We really feel for shareholders in this scenario. It's a good reminder of the importance of diversification, and it's worth keeping in mind there's more to life than money, anyway.
To quote Buffett, 'Ships will sail around the world but the Flat Earth Society will flourish. There will continue to be wide discrepancies between price and value in the marketplace...' One flawed but reasonable way to assess how sentiment around a company has changed is to compare the earnings per share (EPS) with the share price.
During the five years over which the share price declined, China Pioneer Pharma Holdings's earnings per share (EPS) dropped by 22% each year. This reduction in EPS is less than the 33% annual reduction in the share price. So it seems the market was too confident about the business, in the past. The low P/E ratio of 8.84 further reflects this reticence.
You can see how EPS has changed over time in the image below (click on the chart to see the exact values).
This free interactive report on China Pioneer Pharma Holdings's earnings, revenue and cash flow is a great place to start, if you want to investigate the stock further.
A Dividend Lost
The share price return figures discussed above don't include the value of dividends paid previously, but the total shareholder return (TSR) does. By accounting for the value of dividends paid, the TSR can be seen as a more complete measure of the value a company brings to its shareholders. Over the last 5 years, China Pioneer Pharma Holdings generated a TSR of -84%, which is, of course, better than the share price return. Although the company had to cut dividends, it has paid cash to shareholders in the past.
A Different Perspective
While the broader market lost about 1.1% in the twelve months, China Pioneer Pharma Holdings shareholders did even worse, losing 72%. However, it could simply be that the share price has been impacted by broader market jitters. It might be worth keeping an eye on the fundamentals, in case there's a good opportunity. Regrettably, last year's performance caps off a bad run, with the shareholders facing a total loss of 30% per year over five years. We realise that Buffett has said investors should 'buy when there is blood on the streets', but we caution that investors should first be sure they are buying a high quality businesses. Before deciding if you like the current share price, check how China Pioneer Pharma Holdings scores on these 3 valuation metrics.

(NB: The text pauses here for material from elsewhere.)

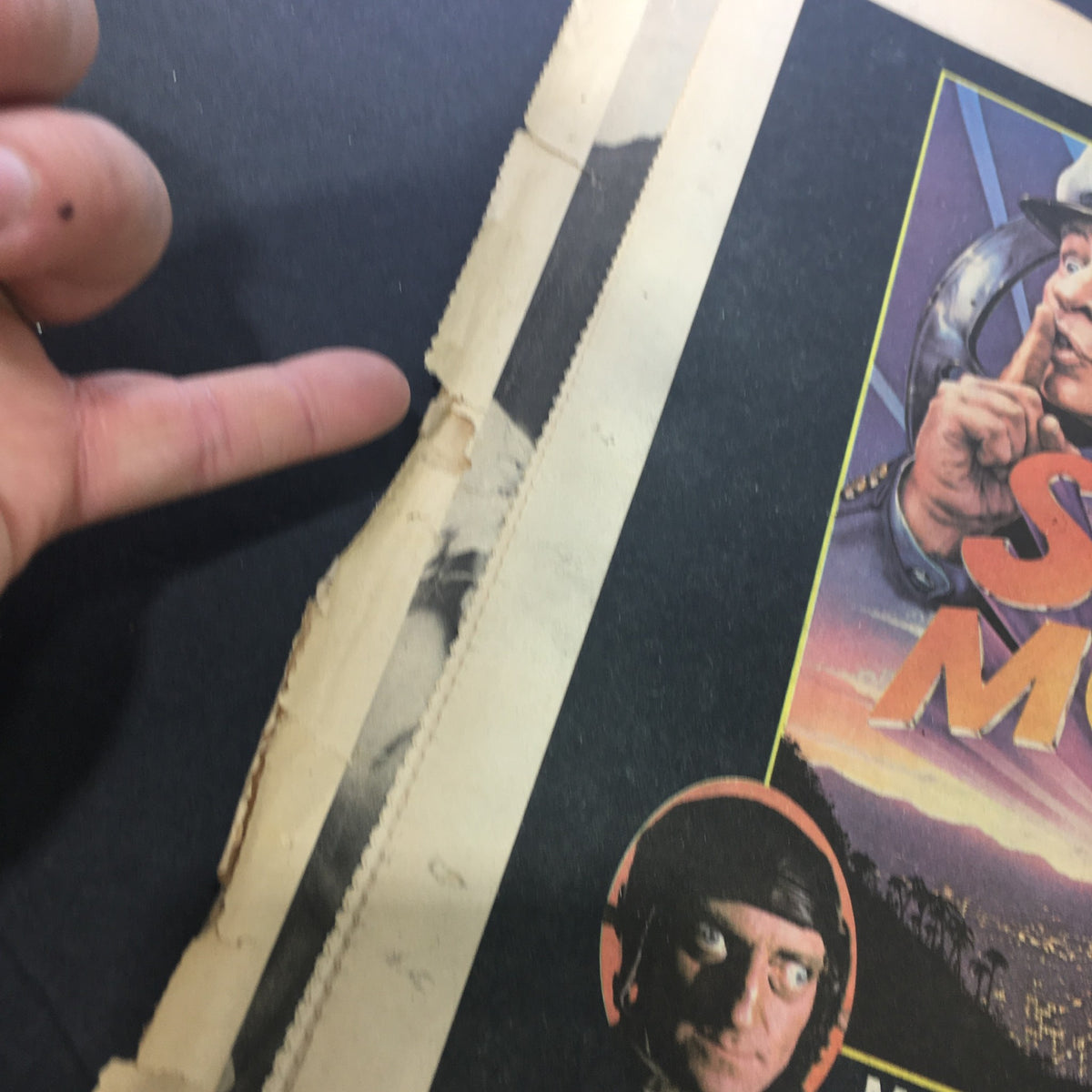 Close-up view of the cover of VTG Rolling Stone Magazine July 1, 1975 highlighting the graphic of the film Silent Movie with visible damage.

If you would prefer to check out another company -- one with potentially superior financials -- then do not miss this free list of companies that have proven they can grow earnings.
Please note, the market returns quoted in this article reflect the market weighted average returns of stocks that currently trade on HK exchanges.
We aim to bring you long-term focused research analysis driven by fundamental data. Note that our analysis may not factor in the latest price-sensitive company announcements or qualitative material.
If you spot an error that warrants correction, please contact the editor at email@example.com. This article by Simply Wall St is general in nature. It does not constitute a recommendation to buy or sell any stock, and does not take account of your objectives, or your financial situation. Simply Wall St has no position in the stocks mentioned. Thank you for reading.